In [3]:
import torch
import torchtext
from torch.utils.data import DataLoader
from torchtext.data import get_tokenizer
from torchtext.vocab import build_vocab_from_iterator
from torch import nn
from torch.nn import functional as F
import warnings

In [4]:
warnings.filterwarnings("ignore")

# Text Preprocecssing

In [5]:
#reading the data with file handlers
reviewfile = open('reviews.txt', 'r')
reviews = list(map(lambda x:x[:-1], reviewfile.readlines()))

labelfile = open('labels.txt', 'r')
label = list(map(lambda x:x[:-1], labelfile.readlines()))

label = [i.replace('negative\\', '0') for i in label]
label = [i.replace('positive\\', '1') for i in label]

In [30]:
#converting all of the labels into integer values
labels = []
for i in label:
    integer = int(i)
    labels.append(integer)

In [31]:
#tokenizing and indicising the data
train_data, test_data = reviews[:8000], reviews[8000:11000]
train_labels, test_labels = labels[:8000], labels[8000:11000]

tokenizer = get_tokenizer("basic_english")

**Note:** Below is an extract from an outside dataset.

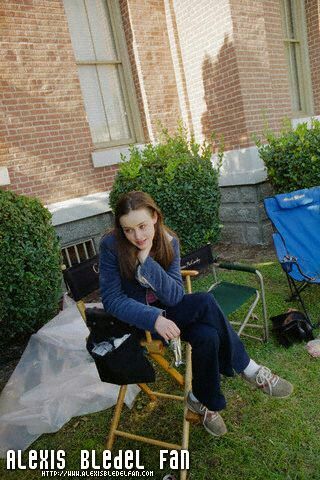 Gilmore Girls Behind The Scenes, Gilmore Girls Cast, Rory And Jess, Gilmore Girls Fan, Team Logan, Alexis Bledel, Lorelai Gilmore, Rory Gilmore, Tv Girls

def build_vocabulary(datasets):
    for dataset in datasets:
        for text in dataset:
            yield tokenizer(text)

vocab = build_vocab_from_iterator(build_vocabulary([train_data, test_data]), min_freq=2, specials=["<UNK>"])

vocab.set_default_index(vocab["<UNK>"])

In [16]:
#the length of the total vocabulary is
len(vocab)

32322

In [32]:
class dataset:
    def __init__(self, indicies_list, labels_list):
        self.indices = indicies_list
        self.labels = labels_list
        
        
    def __len__(self):
        return len(self.indices)
    

    
    def __getitem__(self, idx):
        return self.labels[idx], self.indices[idx]

In [33]:
train_set = dataset(train_data, train_labels)
test_set = dataset(train_data, train_labels)

In [40]:
target_classes = ['positive', 'negative']
max_words = 25

#zero_padding the indicized sentences and loading them
def vectorize_batch(batch):
    Y, X = list(zip(*batch))
    X = [vocab(tokenizer(text)) for text in X]
    X = [tokens+([0]* (max_words-len(tokens))) if len(tokens)<max_words else tokens[:max_words] for tokens in X] ## Bringing all samples to max_words length.

    return torch.tensor(X, dtype=torch.int32), torch.tensor(Y) ## We have deducted 1 from target names to get them in range [0,1,2,3] from [1,2,3,4]


#creating a dataloader with 1024 btch size and also using the collate_fn
train_loader = DataLoader(train_set, batch_size=25, collate_fn=vectorize_batch, shuffle=True)
test_loader  = DataLoader(test_set , batch_size=25, collate_fn=vectorize_batch)


# RNN Classification

In [47]:
embed_len = 100
hidden_dim = 50
n_layers=1

#developing the model architechture
class RNNClassifier(nn.Module):
    def __init__(self):
        super(RNNClassifier, self).__init__()
        self.embedding_layer = nn.Embedding(num_embeddings=len(vocab), embedding_dim=embed_len)
        self.rnn = nn.RNN(input_size=embed_len, hidden_size=hidden_dim)
        self.linear = nn.Linear(hidden_dim, len(target_classes))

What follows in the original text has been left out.